I'm not in these fields, so take everything I say very lightly, but intuitively this feels wrong to me. I understood your point to be something like: the labels are doing all the work. But for me, the labels are not what makes those approaches seem more interpretable than a DNN. It's that in a DNN, the features are not automatically locatable (even pseudonymously so) in a way that lets you figure out the structure /shape that separates them - each training run of the model is learning a new way to separate them and it isn't clear how to know what those shapes tend to turn out as and why. However, the logic graphs already agree with you an initial structure/shape.

Of course there are challenges in scaling up the other methods, but I think claiming they're no more interpretable than DNNs feels incorrect to me. [Reminder, complete outsider to these fields].

Even if you could find some notion of a, b, c we think are features in this DNN - how would you know you were right? How would you know you're on the correct level of abstraction / cognitive separation / carving at the joints instead of right through the spleen and then declaring you've found a, b and c. It seems this is much harder than in a model where you literally assume the structure and features all upfront.

Surely you can do some interpretability work without knowing what the symbols mean, such as identifying a portion that implements a fourier transform and, as in code review, replacing it with a library call.

[-]Ben40

I think that you have a point, but that arguably there is some goalpost moving going on somewhere in here.

Say, some computer system recognises trees, and has something in a layer of its mathematics that roughly corresponds to its idea of tree. Maybe that idea of a tree is no further removed from the real object than my hazy thought-cloud that goes with the word "tree" - but so what? When talking about how interpretable something is to me the question is not one of distance from reality, but the distance to my concepts.

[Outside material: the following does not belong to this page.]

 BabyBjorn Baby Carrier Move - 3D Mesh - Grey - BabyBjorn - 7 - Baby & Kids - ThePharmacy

I drew a random sketch to clarify my point. Lets say each node represents "tree". So the one on the right is a real tree, the bottom one the English word tree, the top the program's idea of a tree. (We can suppose that my human idea of a tree is another node that connects with human language and reality). Interpretability is (to me) the line on the left, while much of your post is about the difficulties with the line on the bottom right.

To the extent that a system's concepts match my concepts but not reality, I would expect that to be some form of deception; the system is playing to mistakes I am making.

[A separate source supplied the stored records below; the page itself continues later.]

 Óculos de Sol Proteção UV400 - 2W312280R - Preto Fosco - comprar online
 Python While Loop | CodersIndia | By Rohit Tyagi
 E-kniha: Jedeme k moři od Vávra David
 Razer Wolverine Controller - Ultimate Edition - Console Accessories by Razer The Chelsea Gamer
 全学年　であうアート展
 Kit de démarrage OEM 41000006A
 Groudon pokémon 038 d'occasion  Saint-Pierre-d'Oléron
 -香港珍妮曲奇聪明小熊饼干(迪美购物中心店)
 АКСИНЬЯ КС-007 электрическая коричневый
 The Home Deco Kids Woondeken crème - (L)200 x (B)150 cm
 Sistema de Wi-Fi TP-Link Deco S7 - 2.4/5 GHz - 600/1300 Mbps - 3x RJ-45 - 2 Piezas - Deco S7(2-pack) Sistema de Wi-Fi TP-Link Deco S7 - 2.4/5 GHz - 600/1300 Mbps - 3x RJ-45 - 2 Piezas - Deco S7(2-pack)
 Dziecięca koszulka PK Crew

Any network big enough to be interesting is big enough that the programmers don't have the time to write decorative labels. If you had some algorithm that magically produced a bays net with a billion intermediate nodes that accurately did some task, then it would also be an obvious black box. No one will have come up with a list of a billion decorative labels.

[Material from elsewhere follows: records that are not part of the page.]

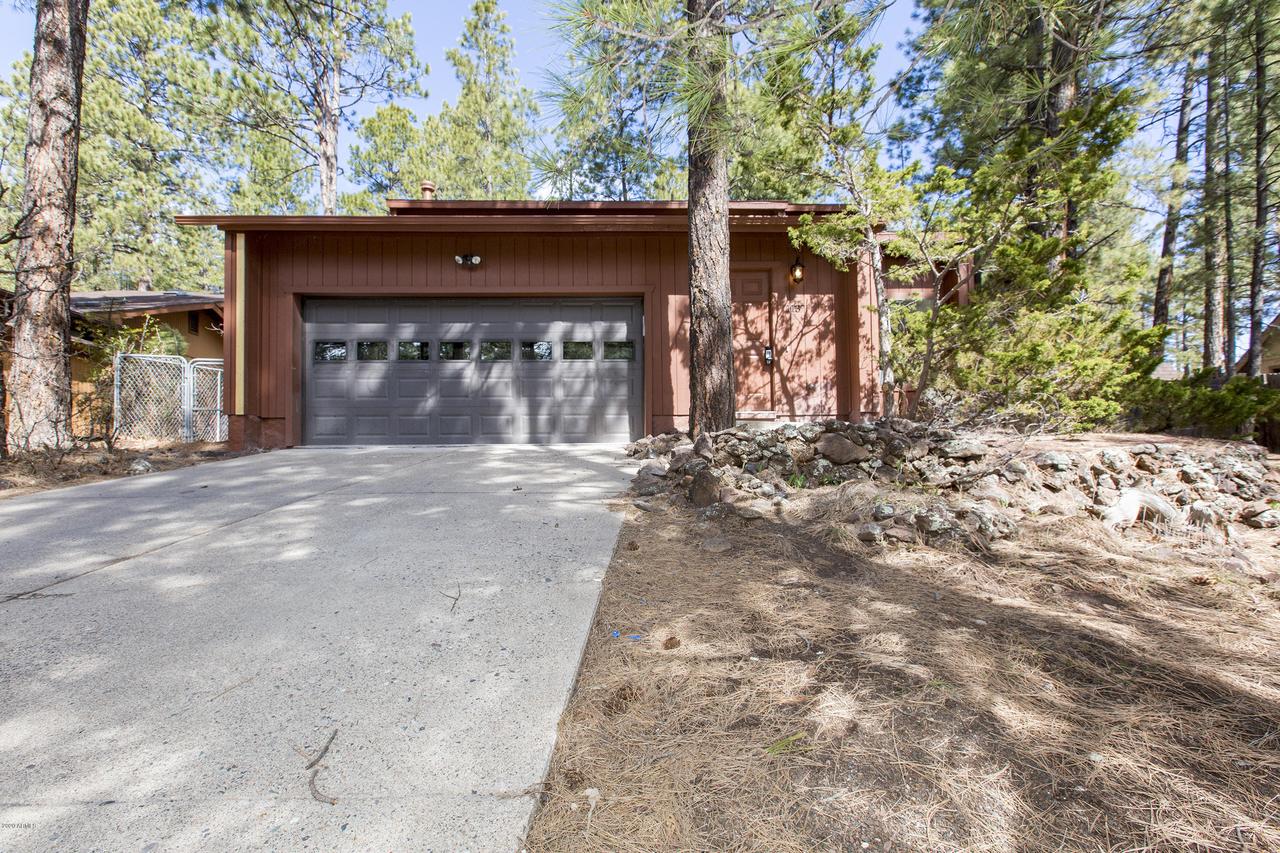 1137 W Shullenbarger Dr., Flagstaff, AZ 86005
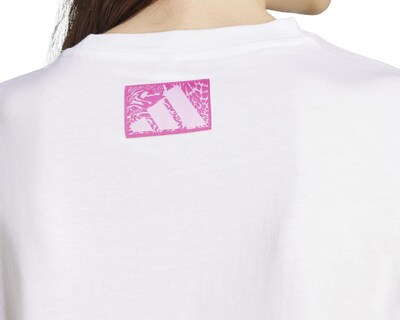 Foto 5 | Playera de Entrenamiento Adidas para Mujer
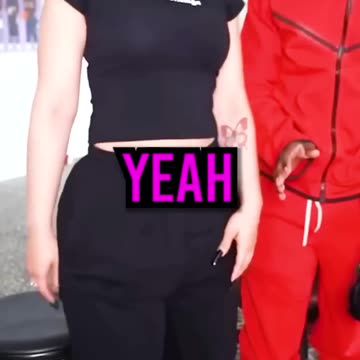 Kai Cenat Compares His Hight With Ice Spice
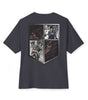 Mikasa Ackerman (ATTACK ON TITAN) Premium Oversized Tee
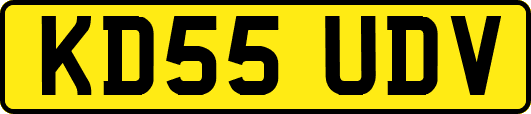KD55UDV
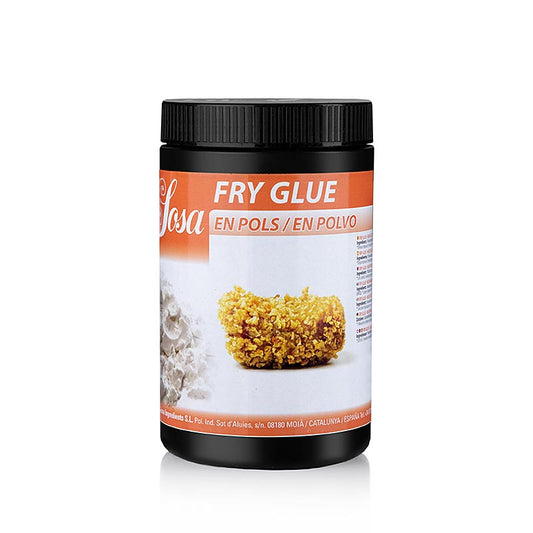 Sosa - Fry Glue, Ei-Ersatz für´s Frittieren, 500 g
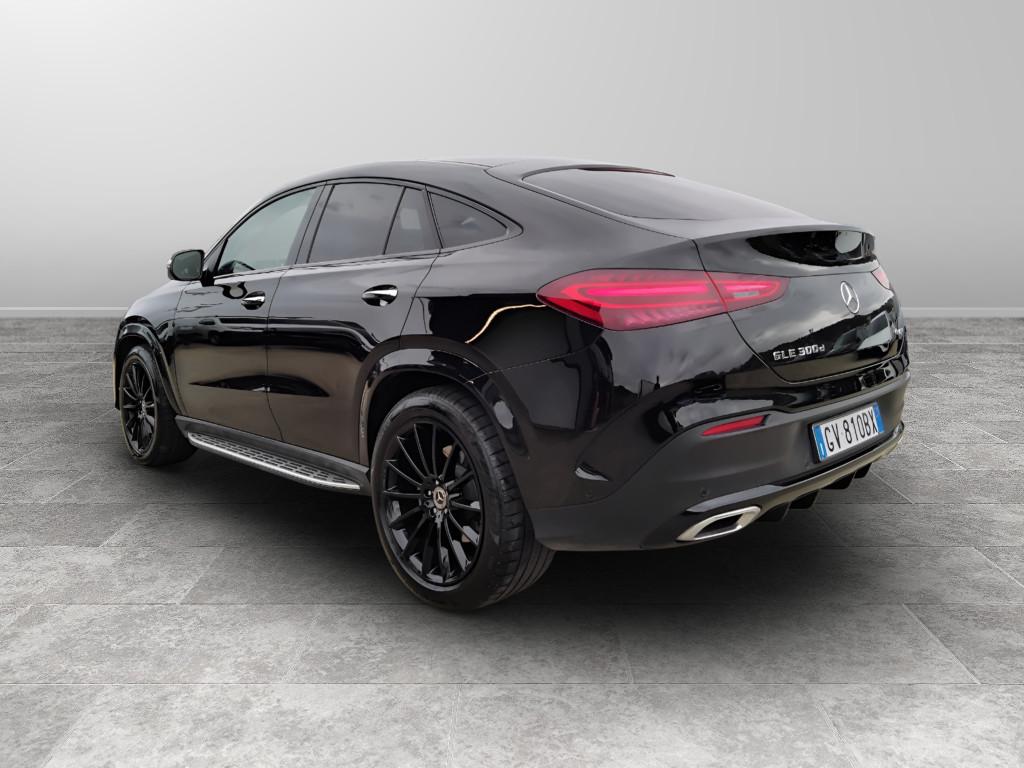 Mercedes-Benz GLE Coupe - C167 2020 - GLE Coupe 300 d mhev Premium Pro 4matic auto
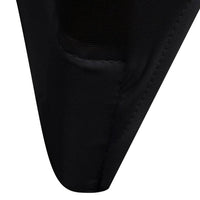 Coprisedie in Tessuto Elasticizzato Nero 24 pz cod mxl 53761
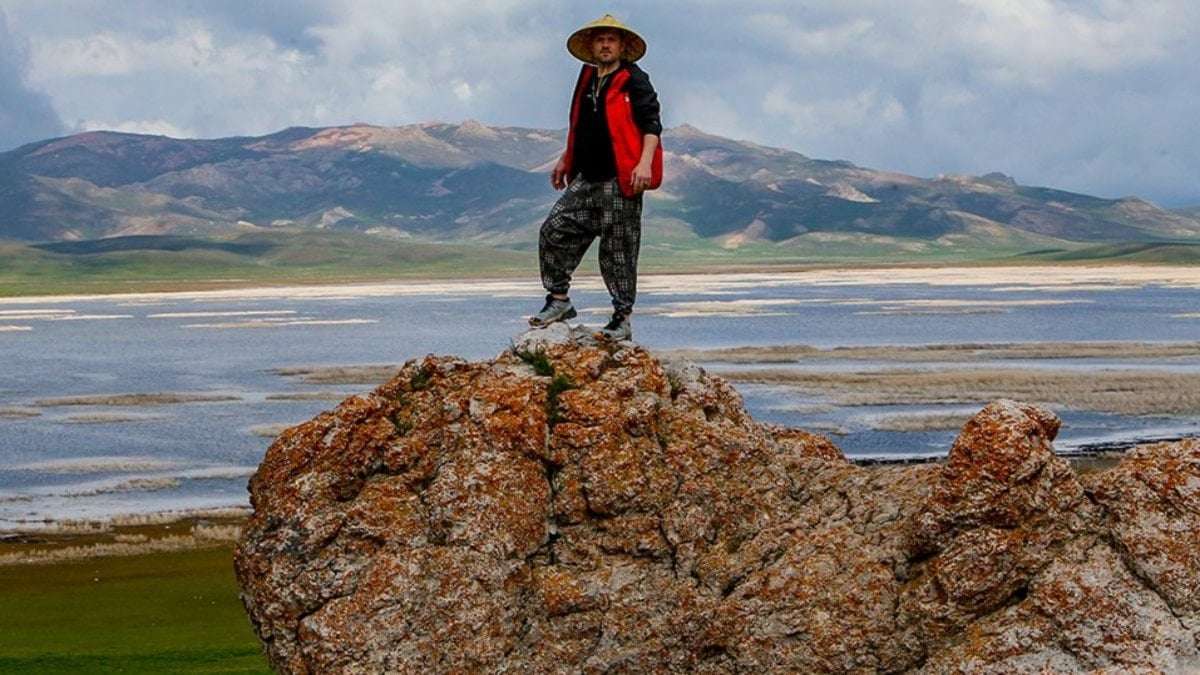 Urartu Kralı sayesinde oluştuğuna inanılan göl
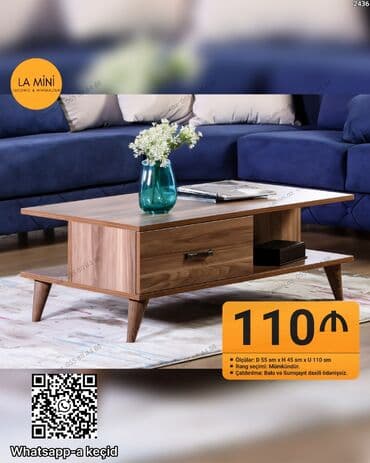 Jurnal masası, Dördbucaq masa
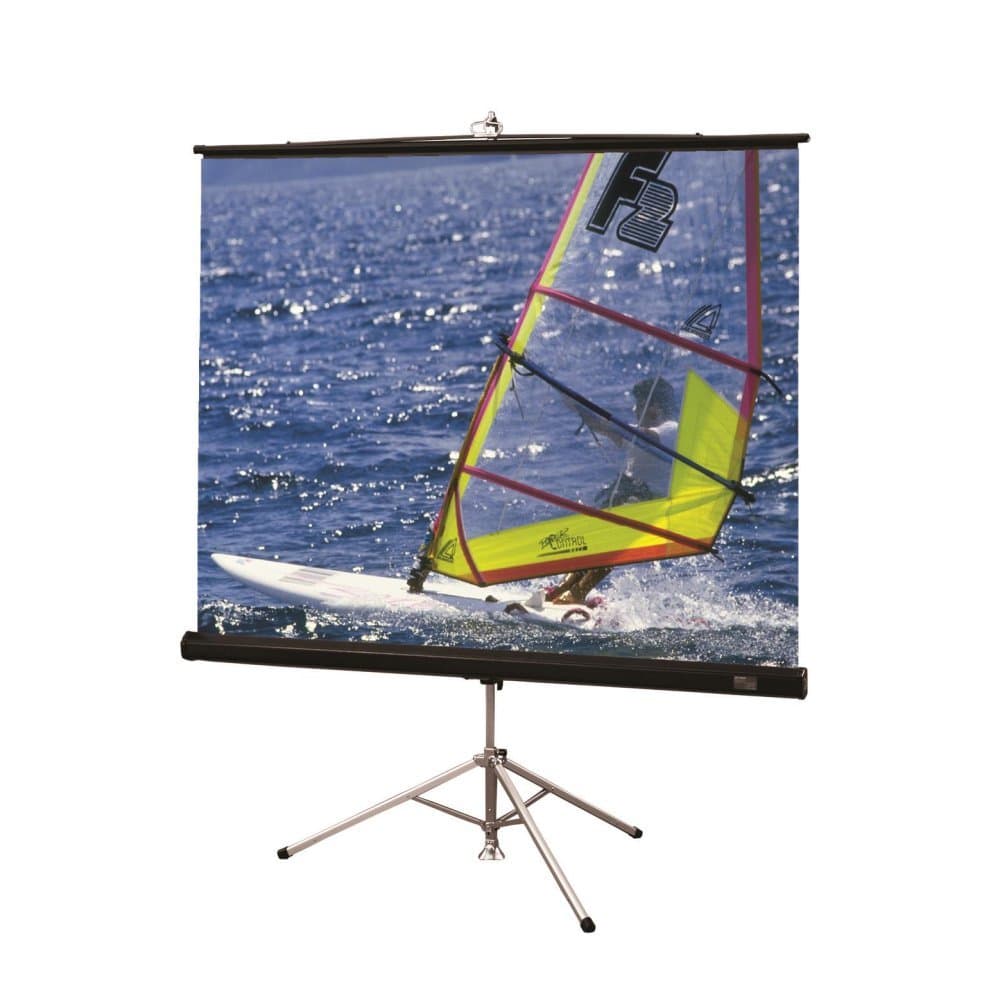 Draper 213004 Draper Screen 84"X84" Tripod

You could theoretically finagle a language model to produce them.

That is pretty much how text-image and multimodal languages work now, really. You get a giant inscrutable vector embedding from one modality's model and another giant inscrutable model spits out the corresponding output in a different modality. It seems to work well for all the usual tasks like captioning or question-answering...

We could just replace all the labels with random strings, and the model would have the same content:

Gödel, Escher, Bach is all about instilling meaning in systems. The system is just math, but when we give labels to things and those labels genuinely correspond to something in the world, then that allows us to interpret the outputs of the model in a meaningful way. A given mathematical model could mean different things depending on what we say the tokens in the model mean. In a bayes net, you can have "season" as a node in the model and have that node track your definition of a season. In a DNN, there may well be a node or collection of nodes that correspond to your definition of season, but if you lack the labels you cannot actually draw conclusions of the form "the sidewalk is wet because it was raining because it is spring"; instead you are left with "the sidewalk is wet because node_129368 is near 1 because node_19387645 is near 0.7".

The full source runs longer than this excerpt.